THE TASK →
Transcribe the listing exactly as written. Leave the images out.

DATA SUPPLIED →
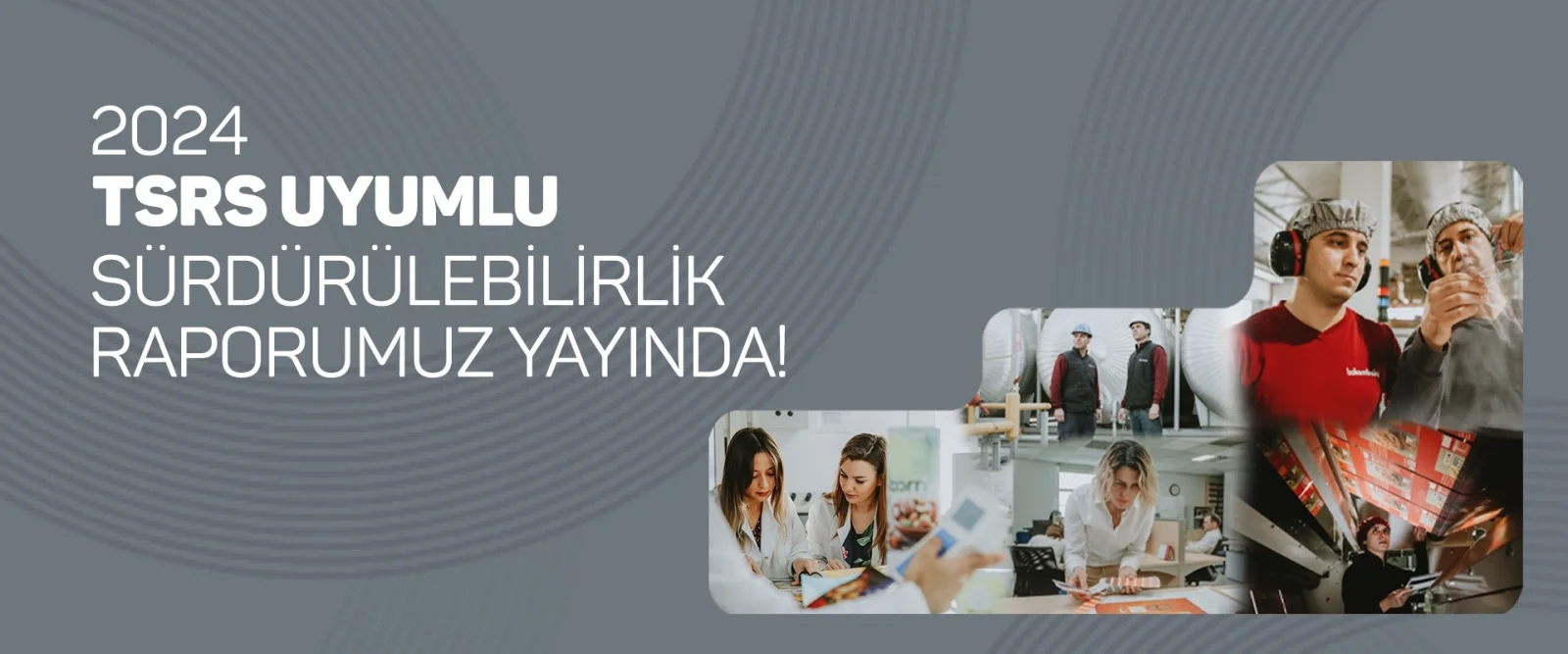 Bak Ambalaj
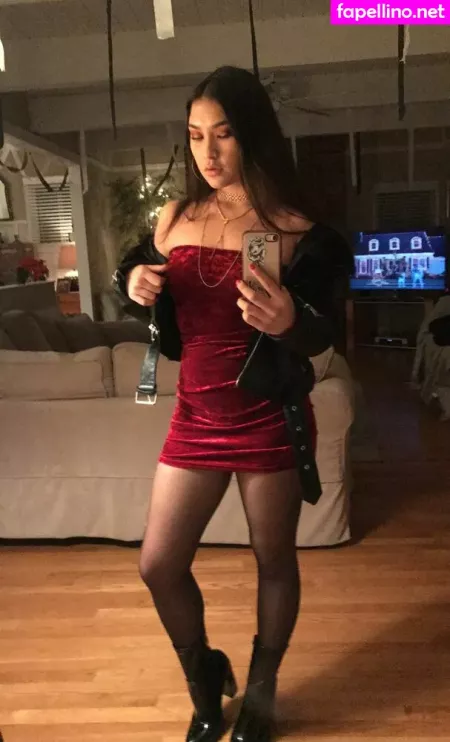 Sofia Addotta OnlyFans Thumbnail #hXypKefgsq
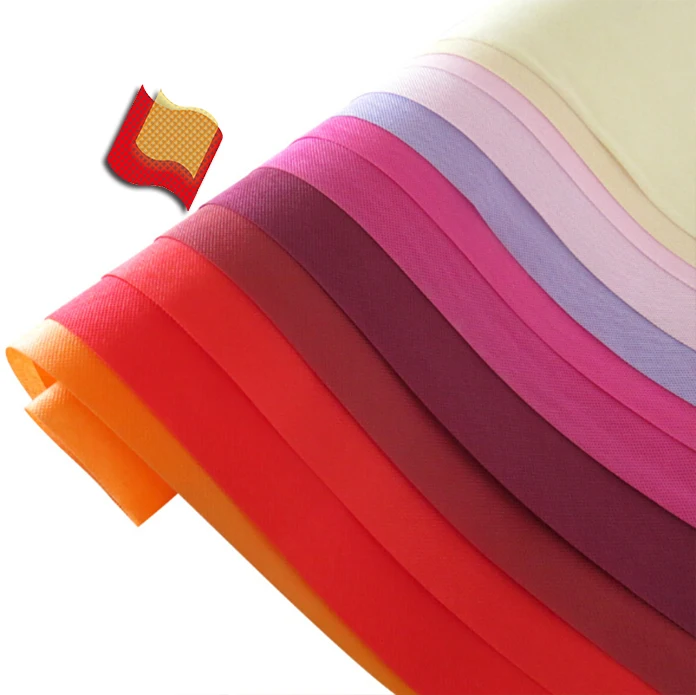 PP  spunbonde water repellent nonwoven fabric  non woven fabric roll  pp nonwoven fabric price pp non woven non woven bag telas
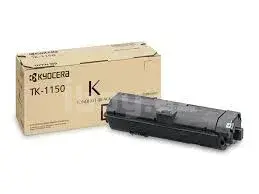 Kyocera TK-1150 Toner Kartrici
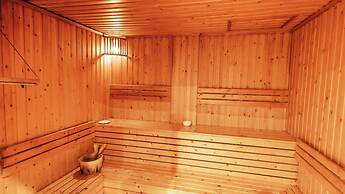 Lucky Ruby Border Casino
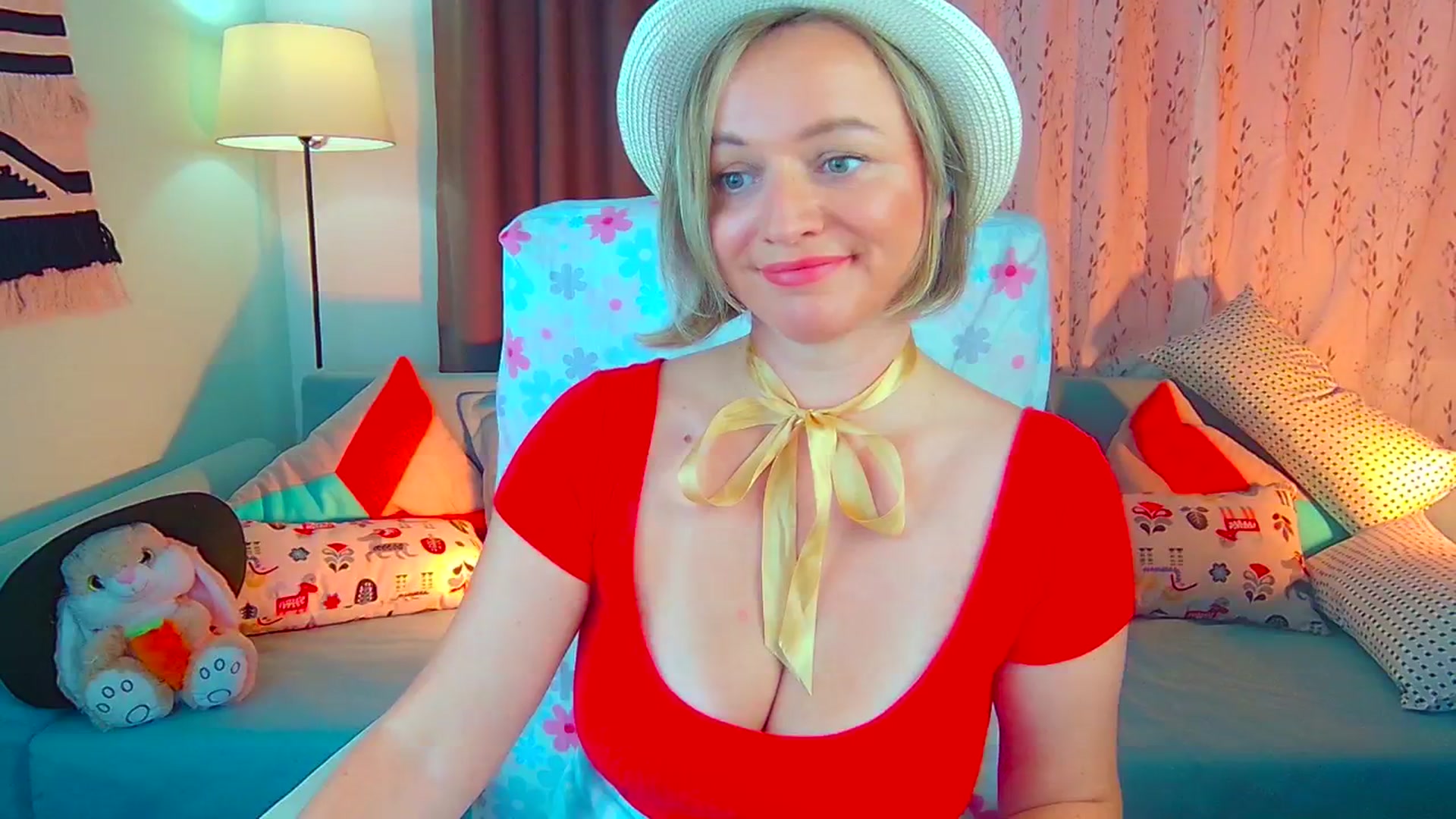 SweetDazzle video thumbnail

RESPONSE TO THIS EXERCISE →
 Bak Ambalaj
 Sofia Addotta OnlyFans Thumbnail #hXypKefgsq
 PP  spunbonde water repellent nonwoven fabric  non woven fabric roll  pp nonwoven fabric price pp non woven non woven bag telas
 Kyocera TK-1150 Toner Kartrici
 Lucky Ruby Border Casino
 SweetDazzle video thumbnail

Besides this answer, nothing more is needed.